Relações comerciais com a China
Pode não parecer, mas este é o grande tema da União Europeia em termos estratégicos e de futuro a médio prazo. A maioria dos analistas considera que a União continuará a ser submissa à estratégia de política externa dos Estados Unidos – o que quer dizer o bloco dos 27 continuará a tentar afastar a China da sua cercania. O que em princípio é mau por uma razão infantil: não é a estratégia dos 27 – até podia ser, mas como a motivação é seguir as indicações de Washington, nunca se vai saber se é ou não.
Relações com os BRICS
Cada presidência do Conselho da União decide escolher um país a quem decide aproximar-se. No caso de Portugal, por exemplo, a Índia foi um dos ‘felizes contemplados’. Passada a presidência, tudo fica no esquecimento, e essas relações regressam ao ponto de partida sem que nada de substancial aconteça. É pura perda de tempo e de recursos sem nenhuma mais-valia que se aproveite para o futuro. Era capaz de não ser má ideia que alguma coisa fosse alterada e que estas iniciativas deixassem de ser usadas para ‘alta-recreação’ unilateral de cada um dos países que passa seis meses a comandar. Talvez aí o Conselho Europeu tenha uma palavra a dizer e decida olhar para onde as coisas estão de facto a acontecer. Os BRICS são um dos lugares onde as coisas estão de facto a acontecer, e a Europa – que ainda não conseguiu perder os seus tiques de sobranceria, tem tudo a ganhar em aproximar-se dessa cada vez mais distinta realidade.

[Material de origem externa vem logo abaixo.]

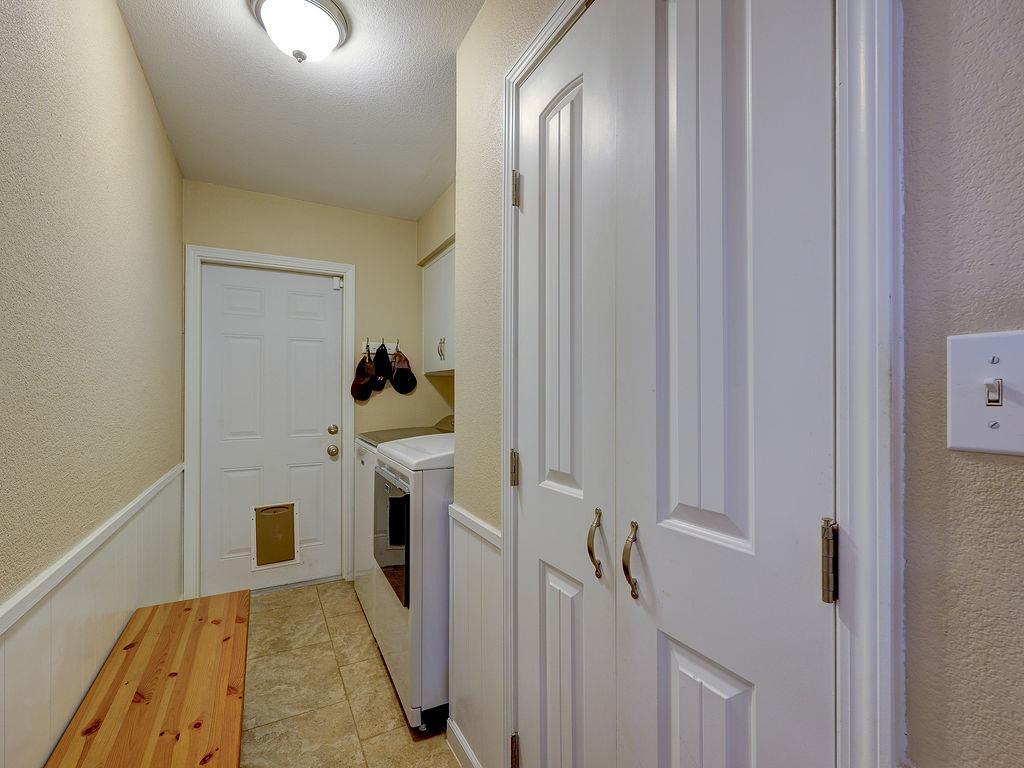 1002 Deep Wood Dr Property Photo 13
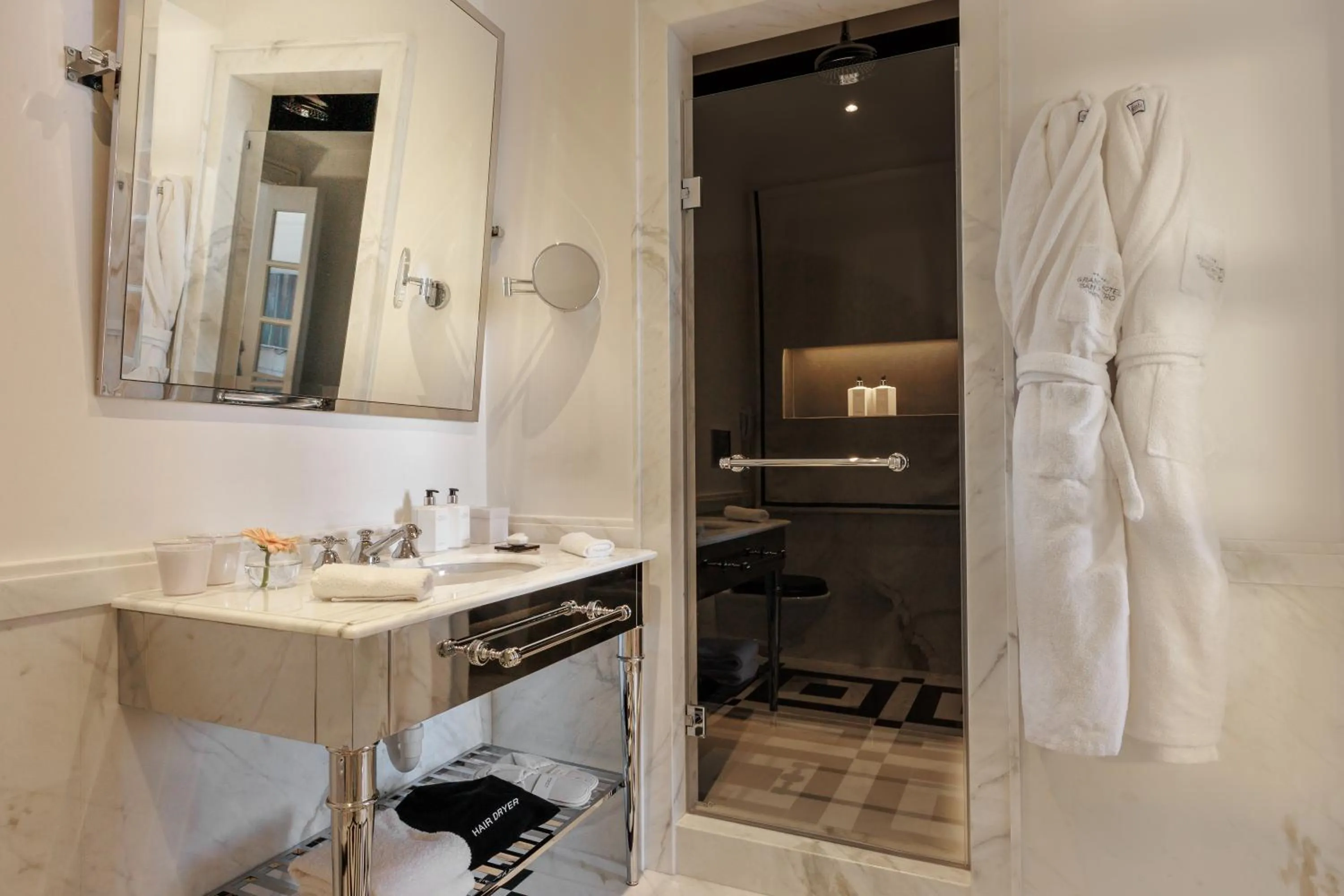 Bathroom in Grand Hotel San Pietro Taormina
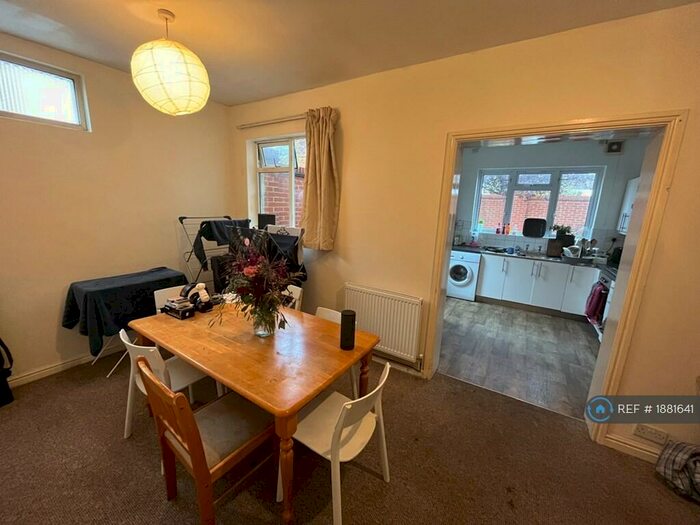 6 Bedroom Terraced House To Rent In Queens Road, Ashley Down, Bristol, BS7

Relações com o Reino Unido
O território da União Europeia não vai mudar. E o das ilhas britânicas, em princípio, também não. Apesar do Brexit, os dois blocos estão condenados a entender-se, e não é apenas por razões comerciais. As reservas entre os dois lados do Canal da Mancha são históricas, mas não são inevitáveis. O facto de o Reino Unido estar prestes a deixar para trás 14 anos de experiência conservadora – que, entre outras coisas, patrocinou o Brexit, apesar de terem sido os conservadores que insistiram na adesão à CEE (por três vezes, só tendo sido aceites à terceira tentativa) – pode ser o momento certo. Que pode passar, dizem alguns analistas, pela criação (de raiz, se necessário for) de uma plataforma de entendimento que não vá tão longe quanto uma adesão, mas que seja muito mais que um mero acordo de pautas aduaneiras (ou qualquer insignificância do género). Keir Starmer, líder dos trabalhistas – que nas décadas de 1950 e 1960 eram a primeira linha contra a adesão à CEE por parte do Reino Unido – já deu mostras de estar aberto a um entendimento de largo espectro com a União e talvez conviesse não perder a oportunidade.
Um PRR para sempre
Como nada se faz sem dinheiro, as questões orçamentais são sempre um tema de forte controvérsia – e enquanto António Costa andar pela Europa, isso não deixará de ser verdade. Até porque alguns dos desafios implicam largas somas de dinheiro – a defesa comum é o exemplo mais óbvio. Uma espécie de PRR permanente seria uma solução – mas para isso seria talvez interessante que a Europa avaliasse (com o recurso à matemática e não apenas à palavra) as consequências da criação do Next Generation EU, com os Eurobonds em evidência. A matéria já está agendada: em junho de 2025, um novo quadro financeiro plurianual entra em debate.